Manifestações contra o Congresso Nacional ocorrem neste domingo (14) em diversas capitais brasileiras. Os atos são uma reação à aprovação, na Câmara dos Deputados, do Projeto de Lei da Dosimetria, que prevê a redução de penas para condenados pelos atos antidemocráticos de 8 de janeiro de 2023, em Brasília, e que pode beneficiar o ex-presidente Jair Bolsonaro (PL).
As mobilizações, organizadas por partidos e movimentos de esquerda, acontecem em 25 estados e no Distrito Federal. Entre os organizadores estão o PT, a Frente Brasil Popular, a Frente Povo Sem Medo, centrais sindicais e movimentos sociais. Parlamentares como as deputadas federais Benedita da Silva (PT-RJ) e Erika Hilton (PSOL-SP) também utilizaram as redes sociais para convocar a população.
Na capital paulista, o protesto ocorre na Avenida Paulista, a partir das 14h, com o slogan “Congresso Inimigo do Povo”. Um dos líderes da convocação, Guilherme Boulos (PSOL), afirmou que a pressão popular é uma resposta direta à tentativa de reduzir punições aos envolvidos nos atos golpistas.
O foco principal das críticas é o presidente da Câmara, Hugo Motta (Republicanos-PB), responsável por levar o projeto à votação. Além da rejeição ao PL da Dosimetria, os manifestantes também levantam outras pautas, como o fim da escala de trabalho 6×1 e ações mais efetivas de combate ao feminicídio.
Mobilizações semelhantes já haviam ocorrido em setembro, quando protestos levaram ao arquivamento da chamada PEC da Blindagem. De acordo com levantamento do Monitor do Debate Político, do Cebrap, em parceria com a USP e a ONG More in Common, mais de 40 mil pessoas participaram daquele ato na Avenida Paulista.

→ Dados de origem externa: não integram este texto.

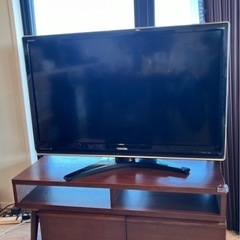 ★収納付きテレビ台★の画像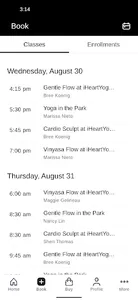iHeartYoga screenshot 1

No Rio de Janeiro, artistas como Caetano Veloso, Gilberto Gil e Paulinho da Viola confirmaram presença na manifestação. Em Manaus, o protesto foi realizado às 9h, na faixa liberada da Avenida Getúlio Vargas, no Centro da cidade.
O Projeto de Lei da Dosimetria ainda será analisado pelo Senado Federal e, caso avance, dependerá da sanção do presidente Luiz Inácio Lula da Silva (PT). A proposta foi aprovada na Câmara por 291 votos favoráveis e 148 contrários.